On 18 January 2003, he scored 38 points against the Fayetteville Patriots. He was averaging 22.1 points and 8.8 rebounds in the NBDL with the Roanoke Dazzle before he left the team to play in Spain.

=== CB Cáceres ===
On 4 February 2003, CB Cáceres of the Spanish league LEB Oro finalized Muoneke's release from the Roanoke Dazzle and signed him as a replacement for Deon Thomas.

=== Saba Battery ===
In March 2007, Muoneke played for Saba Battery in Iran, helping them win the 2007 FIBA Asia Champions Cup.

=== Rio Grande Valley Vipers ===
In his time with the team, Muoneke averaged 26.2 points and 5.3 rebounds.

=== TAU Cerámica ===
On 26 December, 2007, Muoneke signed a three-month deal with TAU Cerámica of the Liga ACB to replace the injured James Singleton. When the contract expired, the team's renewal offer was not accepted by Muoneke and both parties mutually parted ways.

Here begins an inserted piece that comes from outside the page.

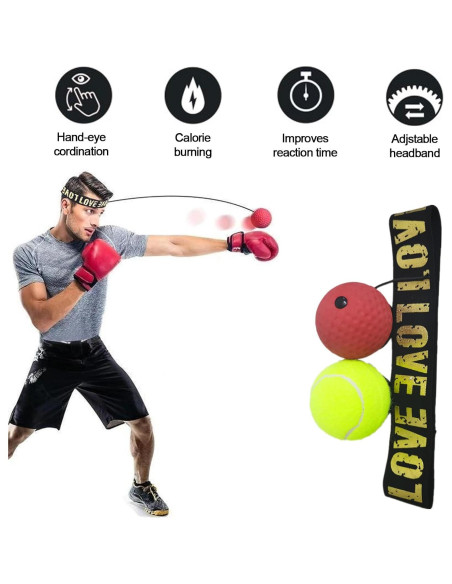 Set de entrenamiento de boxeo Q&F Tech con 2 bolas y banda Set de entrenamiento de boxeo Q&F Tech con 2 bolas y banda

=== ASVEL Villeurbanne ===
After another stint with Saba Battery, in August of 2008, Muoneke signed with ASVEL Villeurbanne in France for the 2008–09 Pro A season. He did not stay long with the team, as he was released in September. He then signed with the Utah Jazz but was waived in October.

=== Yunnan Running Bulls ===
During his time in China, Muoneke broke many scoring records and was amongst the top scorers in China in all three of his seasons in the country. While playing for the Yunnan Running Bulls, Muoneke was physically attacked during a postgame confrontation between himself and Chinese national team captain and Shanghai Sharks player Liu Wei. After Muoneke and the Sharks' Cai Liang wrestled for the ball during the game, Cai, Liu and some Sharks players confronted Muoneke, his wife, children and mother-in-law as they were leaving the stadium. Muoneke had a water bottle thrown at him, before being chased and cornered by the players. Liu and Cai were subsequently fined and suspended. The Shanghai Sharks were also fined. Muoneke was not injured.

On his blog in 2009, he alluded to a retirement from professional basketball and subsequently did retire in 2010 at the age of 30.

== National team career ==
Muoneke was first called up to the Nigeria men's national basketball team in 2003 for the 2003 FIBA Africa Championship, where they finished second. He then played in the 2005 FIBA Africa Championship and the 2006 FIBA World Championship. He was then named captain for the team competing in the 2009 FIBA Africa Championship.

== Post-playing career ==
As he was playing overseas, Muoneke lay the groundwork for his energy industry plans by building connections with financiers and influencers. When he retired in 2009, he focused on his career in African oil and gas. He first joined Afren, a U.K.-based oil exploration and production company. He then started MTX, a Nigerian-based energy company.

== Personal life ==
Muoneke has been married to Lenea Muoneke. They have four children, Muo, Bianna, Arianna, and Zibem. Their son Muo played basketball for the Abilene Christian Wildcats while Bianna and Arianna played volleyball for the Georgia Bulldogs.

Muoneke is a born-again Christian. He received counseling for his outbursts in college which led to him embracing Christianity. His name Nnadubem means "God guide me".

Beginning in November 2007, Muoneke had been maintaining a blog on Hoopshype.com, where he discusses his playing career, life in foreign countries, and politics. His final blog post was published in 2011. He is capable of speaking seven languages, including Hebrew, and is also a Brazilian jiu-jitsu brown belt.

In 2013, Muoneke was arrested at George Bush Intercontinental Airport for bringing a knife. After 30 hours in two different jails, he was released on bail. The case was dismissed on 4 June of that year, as he had accidentally brought a kitchen knife, which he used to use for carving mangoes.